For better understanding it is necessary to consider superficially the principle of operation of the fan on most modern cars. Blowing is activated by a special sensor, which is located at the bottom of the radiator. Also many cars have a separate control unit for engine cooling fan. There are also models in which the ECU itself is responsible for turning on the fan, but this design is rarely used.
As you can see, the fan should not run when the engine is cold. So, to determine why there is an early switch on the fan, for injector vehicles with a diagnostic connector OBD II is recommended to start with the computer diagnostics of the car. The matter is that the possibility to read out of ECU error codes allows defining more exactly the cause of malfunction.
Also note that in cases where the control unit detects errors in the cooling system, the fan can spin immediately after turning on the ignition, even in a cold engine. This feature is found only on some models and is, in fact, a protection against overheating of the power unit, as a constantly running fan reduces the temperature.

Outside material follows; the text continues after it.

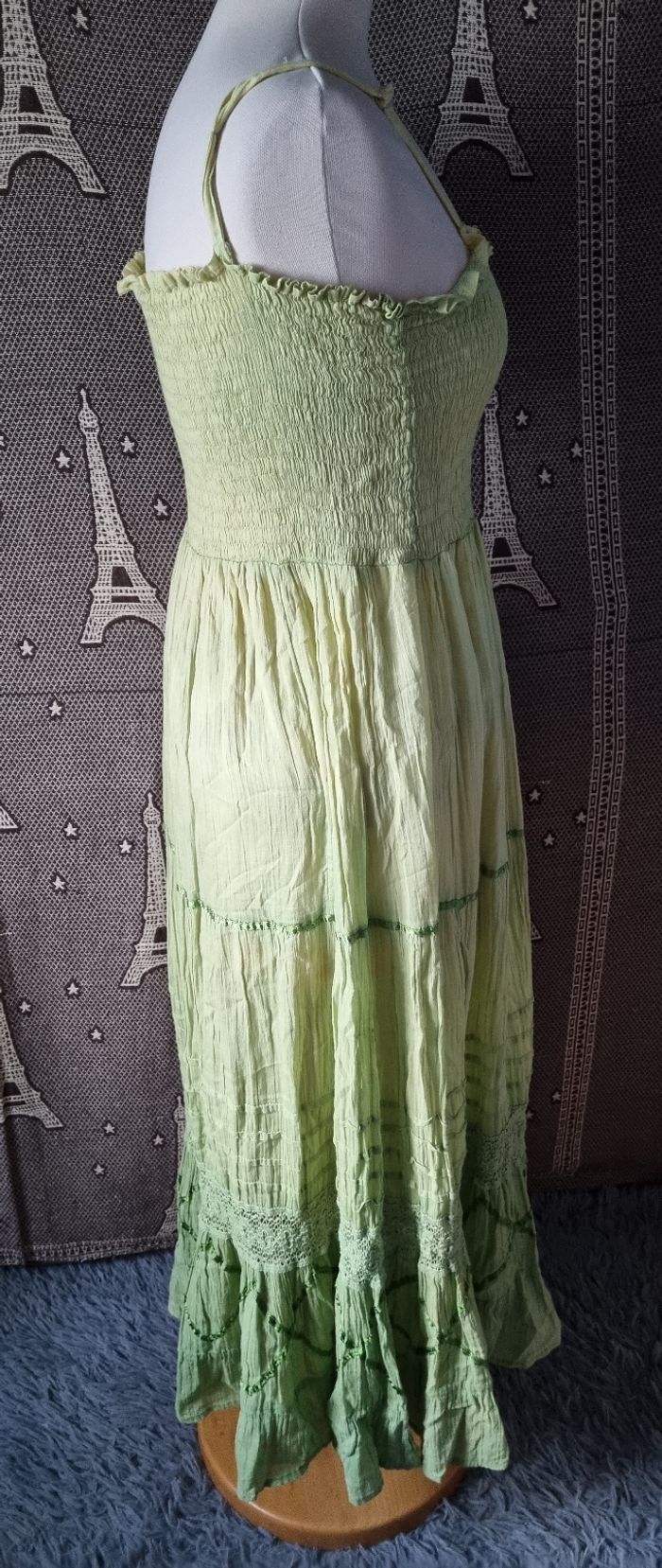 Robe d'été verte taille 42 - photo numéro 5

After repairing in this case you will also need to do an error reset. To erase the error from the ECU, on some models, it is enough to remove the terminal from the battery for a couple of minutes, while on other models the resetting is done with the diagnostic equipment.
Common cooling fan problems
Now let’s look at the common problems that are associated with the cooling system and the fan itself.
- First of all, in many cases the contacts of the air system sensor are shorted. In this case, the blower is triggered immediately after the ignition is turned on.
In the process of diagnosis on a cold sensor, measure the resistance at the outputs using a multimeter. Deviations from the norm will indicate the need to replace the element.
- There is not enough coolant in the liquid system. In this case the fan actuation is due to the fact that a small amount of antifreeze or heating water heats up very quickly. In other words, the fan is functioning and starts up naturally.
As a rule, leaks or drop of coolant level in the expansion tank are the main reason. Note that the antifreeze is a mixture of concentrate and water. The water gradually evaporates from the system, causing the level to drop. For this reason it is recommended to check and refill liquid periodically by special marks.
The fan in this case can short-circuit the battery and work nonstop. In such situation it is necessary to check all contacts, wiring and other elements. Wires should be safely insulated and properly connected.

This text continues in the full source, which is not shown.